Dragon Quest XI’s battle system is deceptively simple. You take turns attacking or using abilities and the monsters you’re fighting do the same.
It’s about as old school as it gets. While other RPGs make big mechanical changes to make their systems more active or faster, or use bigger numbers to seem more impressive, DQXI offers the addition of pep.
Pep is like limit break or any system where characters fill up a meter to enter a more powerful state with stronger attack options. Some attack options involve having multiple party members pepped up at the same time and expending all their pep powers simultaneously.
However there’s one big difference between pep and other limit break systems:
Hide and seek
You don’t know anything about pep! For a game whose systems are so easy to follow due to the small numbers they use, pep charges completely in the background. There’s no visible meter, no indication of what might cause a character to activate pep and no way of knowing how close you are.

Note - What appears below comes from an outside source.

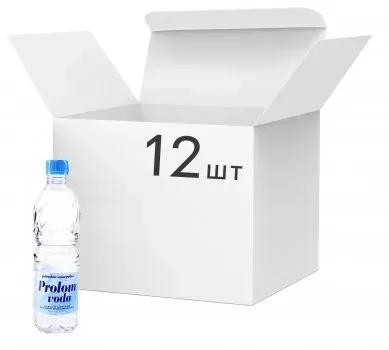 Упаковка мінеральної води Prolom voda 0.5л х 12 шт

The only other hidden number that I’ve encounter in my 15 or so hours playing Dragon Quest XI is enemy HP, which you’re at least given the change in color to their name. And again, the small numbers make it very easy to figure out the range of most non-boss enemies’ HP.
So pep being so hidden becomes this intricate puzzle that gives the player a few meta-strategy choices: incorporate it into your strategy or not, try to figure it out or not, and of course what to do with it when you get it.
For some players, pep almost turns into a research project, charting out variables and instances. They can use the skill trees to adjust a few levers on the frequency of which pep activates, which may or may not help them crack the pattern.
In fact, Googling around doesn’t show anyone that’s actually cracked the code yet, although there are interesting theories. I’m not going to repeat those here, but a lot of them have to do what events trigger pep and what events cause pep to become more likely.
Pepping up your quest
So what I really love about this is that it gives you this crunchy puzzle to work on during the length of the game. Obviously the game’s systems aren’t going to be super challenging, but pep provides a veiled mystery that players can work on through out the game.
Pep is also a system that doesn’t discriminate. It’s nothing but an advantage to new and young players who may not be drawn to it’s hidden complexity. While it gives long-time players and Dragon Quest veterans something extra to chew on.
Upcoming on this blog:
Right now I’m on my second play through of Fire Emblem: Three Houses and I want to give my thoughts on the story at some point although that might not be next week. I’m also continuing to play Dragon Quest XI and I’ve picked up a couple older indie games: Neon Drive and Bastion that I may or may not have something to discuss there.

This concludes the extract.